Patent Application
20240063074
The semiconductor industry has experienced rapid growth due to continuous improvement in the integration density of a variety of electronic components (e.g., transistors, diodes, resistors, capacitors, etc.). For the most part, this improvement in integration density has come from repeated reductions in minimum feature size (e.g., shrinking the semiconductor process node towards the sub-nanometer node), which allows more components to be integrated into a given area. As the demand for miniaturization, higher speed, and greater bandwidth, as well as lower power consumption and latency has grown recently, there has grown a need for smaller and more creative packaging techniques for semiconductor dies.
Aspects of the present disclosure are best understood from the following detailed description when read with the accompanying figures. It is noted that, in accordance with the standard practice in the industry, various features are not drawn to scale. In fact, the dimensions of the various features may be arbitrarily increased or reduced for clarity of discussion.
The following disclosure provides many different embodiments, or examples, for implementing different features of the provided subject matter. Specific examples of components and arrangements are described below to simplify the present disclosure. These are, of course, merely examples and are not intended to be limiting. For example, the formation of a first feature over, or on a second feature in the description that follows may include embodiments in which the first and second features are formed in direct contact, and may also include embodiments in which additional features may be formed between the first and second features, such that the first and second features may not be in direct contact.
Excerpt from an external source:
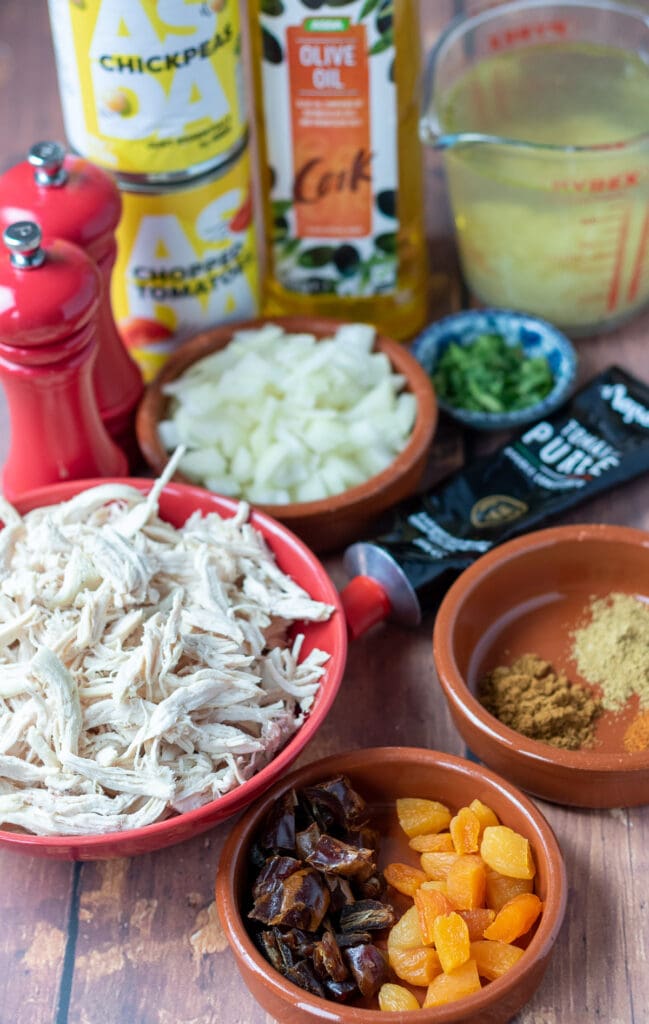 Moroccan chicken soup ingredients laid out on a table.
In addition, the present disclosure may repeat reference numerals and/or letters in the various examples. This repetition is for the purpose of simplicity and clarity and does not in itself dictate a relationship between the various embodiments and/or configurations discussed.
Further, spatially relative terms, such as “beneath,” “below,” “lower,” “above,” “upper” “top,” “bottom” and the like, may be used herein for ease of description to describe one element or feature's relationship to another element(s) or feature(s) as illustrated in the figures. The spatially relative terms are intended to encompass different orientations of the device in use or operation in addition to the orientation depicted in the figures. The apparatus may be otherwise oriented (rotated 90 degrees or at other orientations) and the spatially relative descriptors used herein may likewise be interpreted accordingly.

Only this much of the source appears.